ASPEK.ID, JAKARTA – Anggota Komisi II dari Fraksi Demokrat, Zulkifli Anwar menilai bahwa rencana Menteri Agraria dan Tata Ruang/Badan Pertanahan Nasional (ATR/BPN), Sofyan Djalil yang menargetkan 100% tanah bersertifikat pada tahun 2025, tidak jelas.
Hal tersebut disampaikan legislator asal Dapil Lampung 1 itu didepan Menteri ATR/BPN yang didampingi Wakil Menteri Surya Tjandra lantaran tidak ada angka atau jumlah pasti yang bisa diukur.
“Harusnya target di breakdown dengan jelas supaya kita ngukur-nya juga gampang. Oh tahun ini tercapai, tahun ini enggak, begitu,” katanya dalam rapat kerja di ruang Komisi II DPR RI dilansir Detikcom, Senin (11/11/2019).
Sementara itu, Anggota Komisi II Fraksi PAN Gupardi Gaus mengungkapkan bahwa, Kementerian ATR/BPN harus mempercepat dan mempermudah urusan sertifikat tanah.
“Ini saya gemas nih Pak (Sofyan). Jadi kalo bapak berada di daerah-daerah, kasihan kita Pak. Sudah diperlama, diperumit, ujung-ujungnya duit,” imbuh Gupardi.

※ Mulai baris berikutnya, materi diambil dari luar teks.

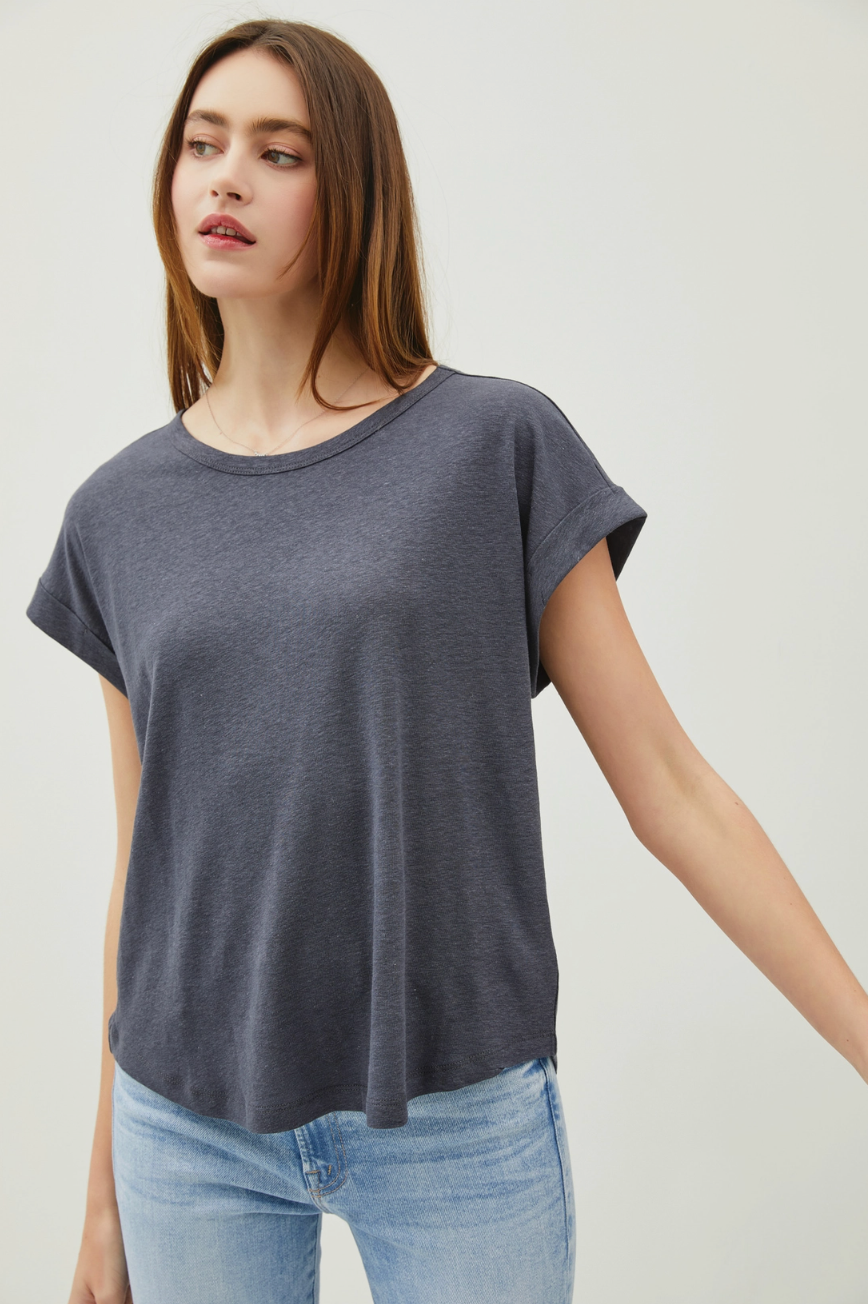 Raw Edge Detailed Linen Tee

Selain itu, dia juga menyampaikan bahwa masih banyaknya tanah yang memiliki Hak Guna Usaha (HGU) dan Hak Guna Bangunan (HGB) yang tidak sesuai dengan statusnya.
“Selama ini pemerintah hanya mengejar kuantitas, tanpa mempertimbangkan status tanah,” timpal dia.
Menteri ATR/BPN Sofyan Djalil sebelumnya mengatakan, salah satu target kerja ke depan adalah dengan membuat daftar kepemilikan tanah atau sertifikasi di seluruh Indonesia.
“Target mendaftarkan seluruh bidang tanah diseluruh Indonesia, targetnya 2025,” kata Sofyan.
Untuk mencapai itu, Sofyan mengatakan Kementerian ATR membuat program digitalisasi pertanahan dan pada 2024 kantor pertanahan di seluruh Indonesia ditargetkan sudah berbasis elektronik serta akan dilakukan ujicoba di 42 kantor pertahanan dulu.
RUU Pertanahan sebelumnya juga batal disahkan oleh DPR pada 24 September 2019 atas permintaan dari pemerintah karena masih ada poin-poin dalam rancangan aturan yang masih perlu didiskusikan.
Sofyan menilai UU Pertanahan ini harus segera terwujud karena banyak sekali masalah di lapangan karena saat ini banyak sekali masalah pertanahan yang tidak bisa diselesaikan UU lama.
“Ada yang pengaturan selama ini dengan kepala badan menteri. Kalau dibawa ke pengadilan, kami kalah, karena harus diatur dengan UU,” ujarnya.